### Activity:
With the exception of the pictures, write out the data below precisely.

### Given material:

□ □ □ □ □ □ □

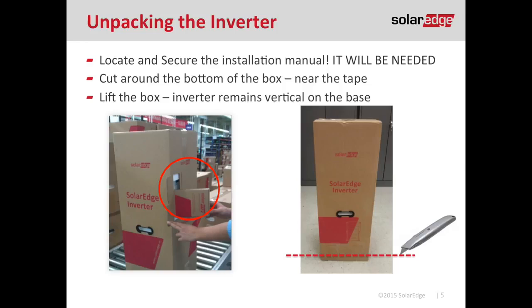The inverter is shipped in a large upright box with the DC disconnect installed at the factory. There's a rectangle about midway through on the inverter box that says 'viewing window.' Go ahead and cut that open and pull out a small box that says 'installation manual' on it, identified by the red circle. Make sure you hold on to that installation manual because it is important during the activation process. After that, cut around the bottom of the box with your box cutter and lift the cardboard straight off of the inverter.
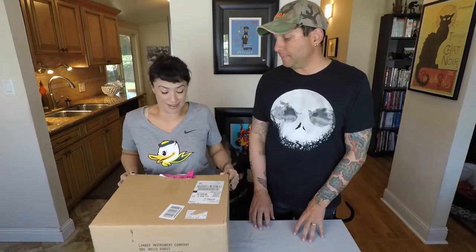We ordered the AcuRite — the model number is 01517 — it's $119 from Amazon. There are much better and bigger weather stations, but this is kind of the basic five-in-one that gives you wind speed, ambient temperature inside and outside, humidity, and a rain gauge. Since we had one that's pretty much exactly the same, all the mounting hardware is already set up on the roof, so it'll be easier to install.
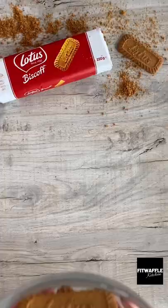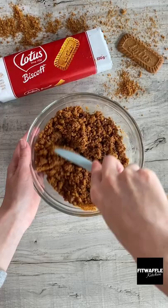First up you need crushed lotus biscuits. Then add your melted butter and mix these together. Pop this into a cake tin, pressing it down to form your base. Set this aside.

□ □ □ □ □ □ □

### Result:
The inverter is shipped in a large upright box with the DC disconnect installed at the factory. There's a rectangle about midway through on the inverter box that says 'viewing window.' Go ahead and cut that open and pull out a small box that says 'installation manual' on it, identified by the red circle. Make sure you hold on to that installation manual because it is important during the activation process. After that, cut around the bottom of the box with your box cutter and lift the cardboard straight off of the inverter.
We ordered the AcuRite — the model number is 01517 — it's $119 from Amazon. There are much better and bigger weather stations, but this is kind of the basic five-in-one that gives you wind speed, ambient temperature inside and outside, humidity, and a rain gauge. Since we had one that's pretty much exactly the same, all the mounting hardware is already set up on the roof, so it'll be easier to install.
First up you need crushed lotus biscuits. Then add your melted butter and mix these together. Pop this into a cake tin, pressing it down to form your base. Set this aside.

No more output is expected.